A life lesson from baseball

If you have enough interest in sports to even occasionally check the scores, you are likely aware of a recent American League baseball game in which twenty-six straight batters were retired before the twenty-seventh was called safe on a ground ball to first. It was - as they say - a bang-bang play; first baseman to his right, pitcher covering, close play. It would be twenty-seven straight outs - a perfect game. But wait. The umpire's right hand didn't go up. Instead the arms went out. Safe! Safe? Safe. And worse, it looked like a bad call. It looked like they had him. Number twenty-seven.

Baseball has no instant replay - except for long fly balls that are narrowly fair or foul as they go into the stands - so the runner was safe and the game went on. Batter number twenty-eight hit a fly ball which was caught to end the game and the home team, the Detroit Tigers, won. But the real fun, and nonsense, was just starting.

Although there is no official replay there was video of the game and the play at first was run a few more times and from different angles and slower speeds. Indeed it looked as if the pitcher had the ball in his glove and his foot on the base an instant ahead of the runner. If those are the facts the runner should have been called out. Twenty-seven in a row. Perfect game (first ever for the Detroit Tigers). A place in the record books. At least a mention at the Hall of Fame. But the umpire called him safe. So it wasn't a perfect game. Just almost.

Later that day the umpire, Jim Joyce, saw replays and was emotionally torn. I was wrong, he said. (His language was a bit more colorful and emphatic.) "I cost that kid a perfect game," he said. There is no doubt his response was that of a man who holds himself to a high standard of excellence, has the integrity to call what he sees, holds himself accountable for his actions, and doesn't scramble for excuses.

Now a few thoughts about the game and events following. Like many others I saw several replays and I have at least one question. I have heard that on close plays at the bases the umpire watches the feet and listens for the pop of the ball in the glove. In one of the replays it appeared that the ball may have yet been moving in the pitcher's glove when the runner touched base. If so, the runner was safe and the call was correct. The point is that even after a hundred replays dissected frame-by-frame we might still be unable to certify the absolutely correct call. This answers those who insist we must have instant replay. Sure, there would often be some benefit, but no guarantee.

Next there are those say that in that situation with a play that close you call the runner out. Game over. Perfect. But umpires are supposed to call balls and strikes, runners safe or our, catches made or not made. They aren't supposed to decide who wins or loses. Suppose that twenty-seventh batter has a hitting streak of, say, fifty-six straight games. Now what call does a compassionate base umpire make?

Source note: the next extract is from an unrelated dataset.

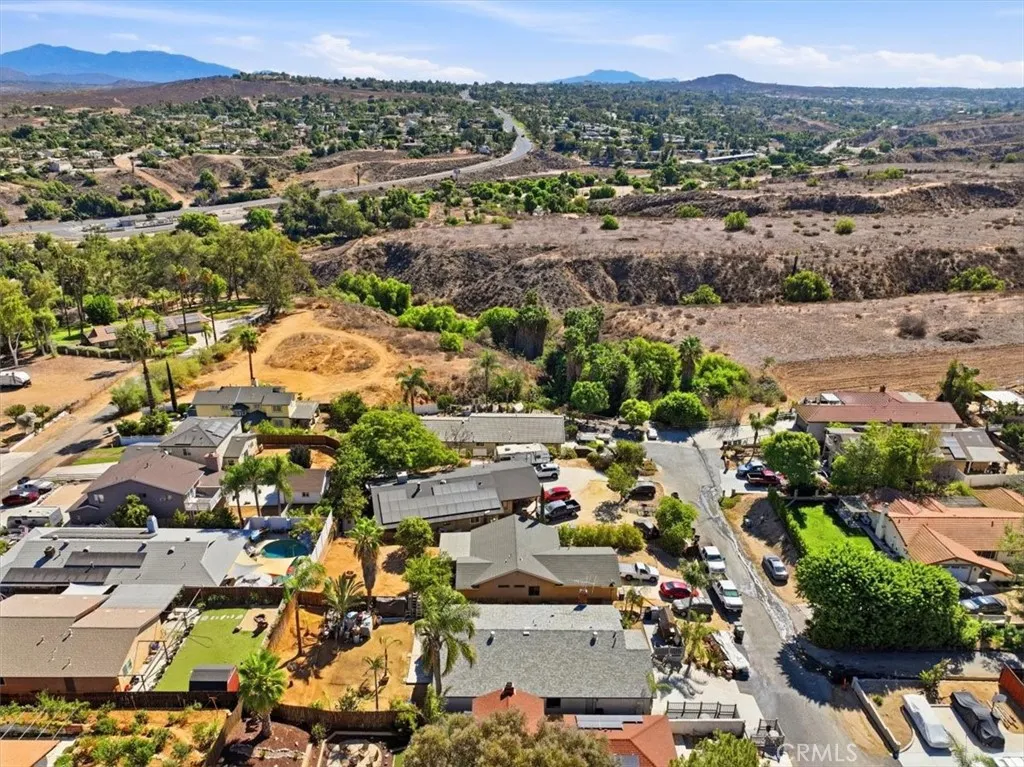 main property photo 50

And the nonsense. Michigan's Governor declared it a perfect game. That's what it should have been so she declared it to be. The President weighed in with the unoriginal thought that instant replay was clearly needed. A better comment might have been that it was strictly a matter for baseball to deal with. (Baseball Commissioner Bud Selig declared - to his credit - that the game would stand as called.)

Baseball, like life, takes place in the arena; not in the stands, not in the elite boxes, and not in the Capitols. Down there in the dust, those who embrace life are often confronted with bang-bang decisions. Most of the time, amazingly, they get them right. Sometimes, tragically, they get them wrong. But the game goes on.

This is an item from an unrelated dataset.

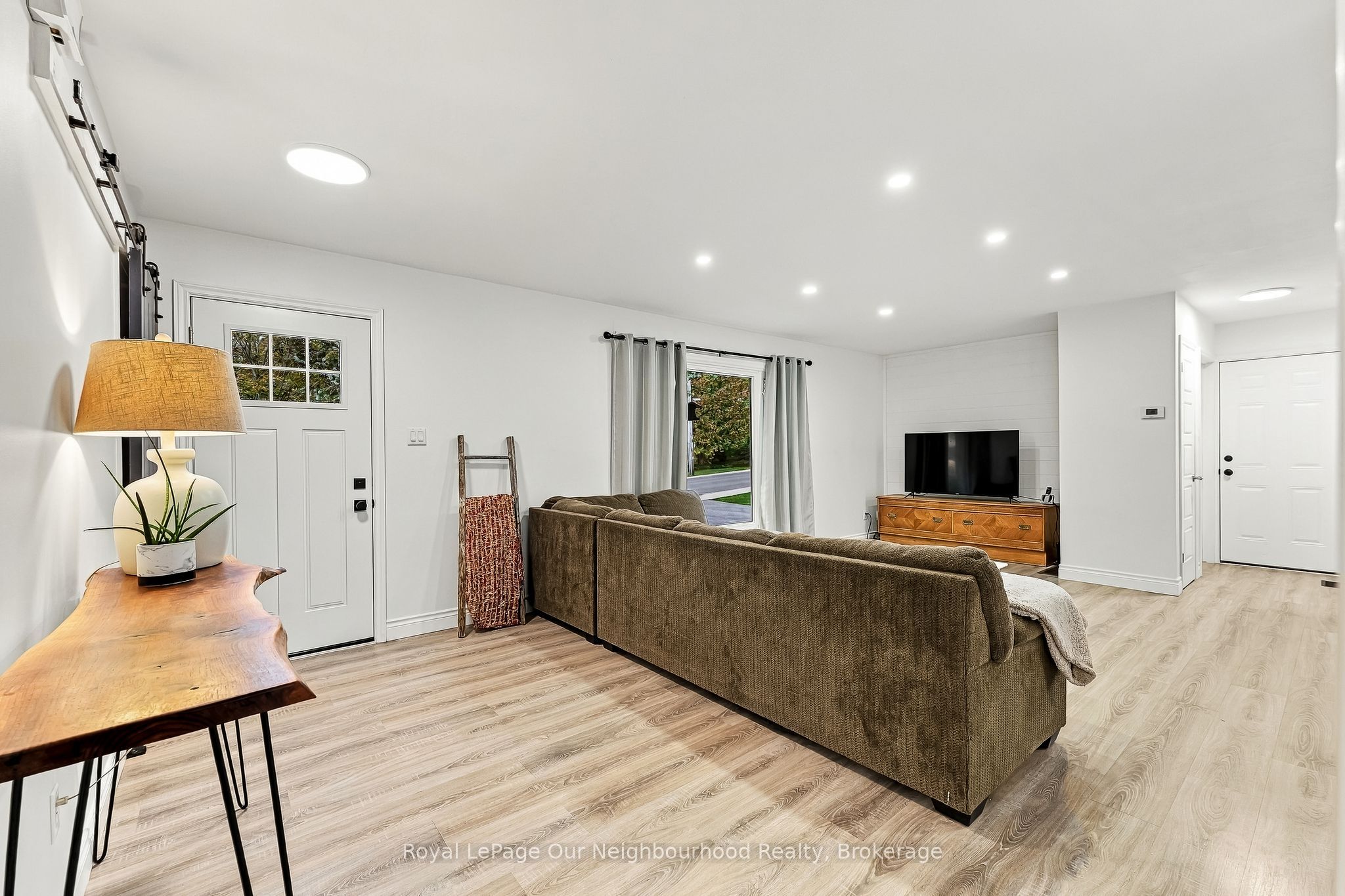 105 Sanford Street Property Photo 6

Finally we need to recognize some heroes. The umpire Jim Joyce. He called what he saw and took whatever lumps it brought. Armando Galarraga, the pitcher who was almost perfect and took it manfully when a call went against him. Tiger manager, Jim Leyland, who sent Galarraga out the next day with the lineup card to present to that day's plate umpire, Jim Joyce. And the Detroit Tiger fans on that same next day who gave Jim Joyce a standing O. At that moment, the stands were a part of the greater game as thousands of Joe Sixpacks showed that they get it.

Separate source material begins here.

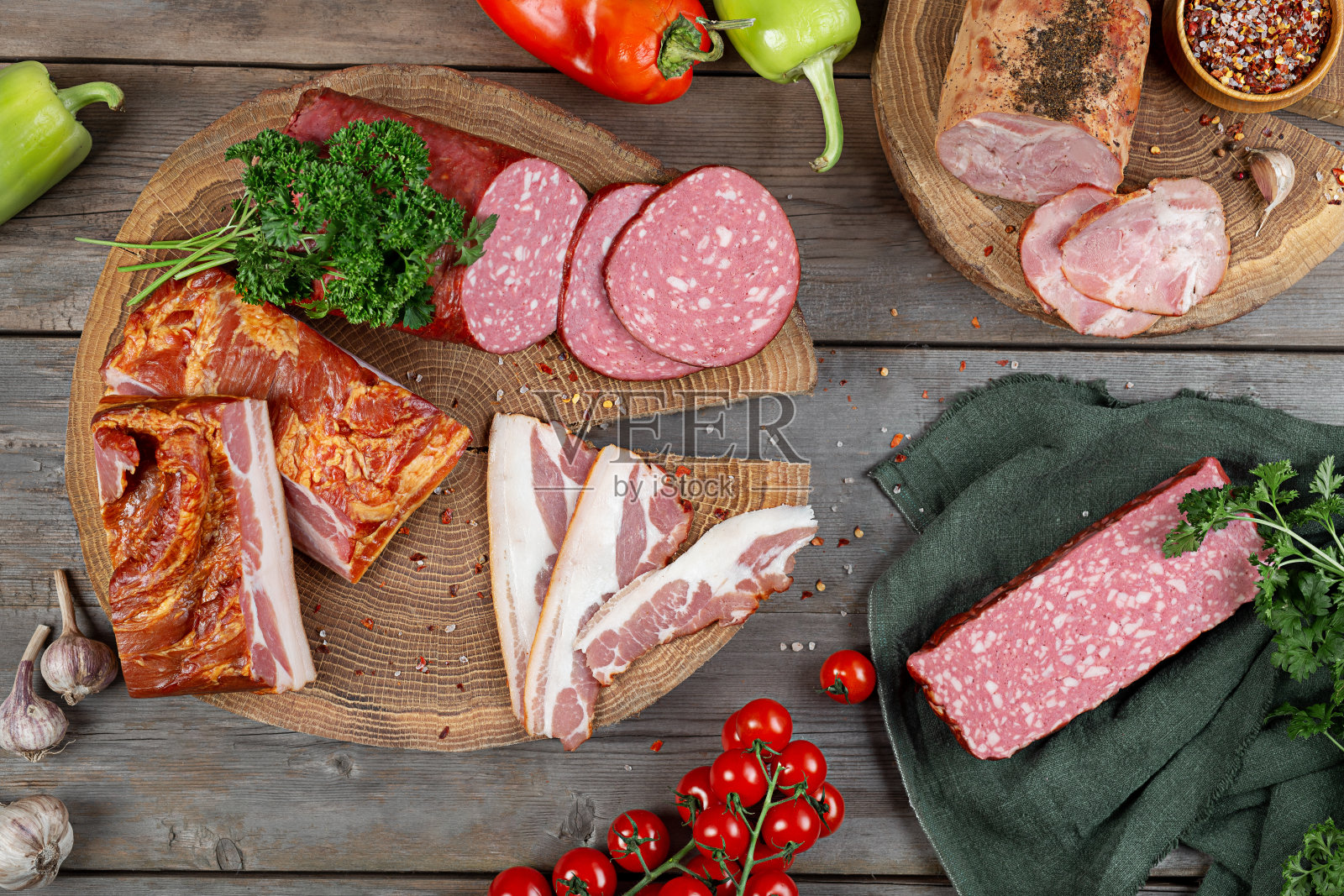 熏肉香肠照片摄影图片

Would that our current political crop would get it as Joe Sixpack gets it. When the ends, no matter how lofty, allow any means, the immediate casualties are integrity and gallantry. Within these are the absolutes without which no system can endure. Our amazing democratic republic teeters near collapse, having fallen - through inattention, indifference, and sloth - under the control of those who lack the gallantry to put common good before personal gain and the integrity to acknowledge and label the facts as they are rather than as they wish them to be. This nation, beguiled by hope without focus and misled by promises without substance, can yet survive. But only if enough of the caring leave the stands and embrace the greater game.